The plot thickens in the divestment saga of Nepal Indosuez as two private Nepali investor groups battle it out in the courts for shares in one of Nepal's first foreign joint-venture banks.
But Indosuez's French parent company, Credit Agricole, is so fed up of the complications that have arisen after a legal challenge from a rival Nepali business house to its divestment plan that it is getting ready to pack up its bags and go. "If no decision is taken by 15 Feburary we may simply leave the country," one senior Credit Agricole executive warned Wednesday. "And that will be a very bad day
Indosuez was finalising its deal on a formal offer made by a consortium led by Prithvi Bahadur Pande?, former general manager of Himalayan Bank, when the Chaudhary Group disclosed earlier this month that it had agreed with Indosuez as far back as 1998 to buy its stocks. No one knew that a memorandum of understanding existed between Binod Chaudhary of the Chaudhary Group and Indosuez-not even the Nepal Rastra Bank.

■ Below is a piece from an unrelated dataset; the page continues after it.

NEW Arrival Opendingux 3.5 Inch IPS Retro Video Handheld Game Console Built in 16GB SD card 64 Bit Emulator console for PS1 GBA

After preliminary efforts to litigate in Singapore late October, the Chaudharys decided to bring it up at a Nepali court. The Supreme Court is now hearing the case, after a round at the appeals court. The Supreme Court has ordered additional information of the proposed acquisition, including details of the prospective buyers.
Chaudhary's lawyers are trying to establish that the 1998 MOU is a "binding contract", while Credit Agricole lawyers are set to prove that it is not a watertight agreement, but subject to a contract. How the Indosuez story unfolds will now depend on the battle between these two business giants and the court verdict: whether the agreement will be enforceable, if so the price, payment methods, and if the central bank will allow Chaudhary to buy.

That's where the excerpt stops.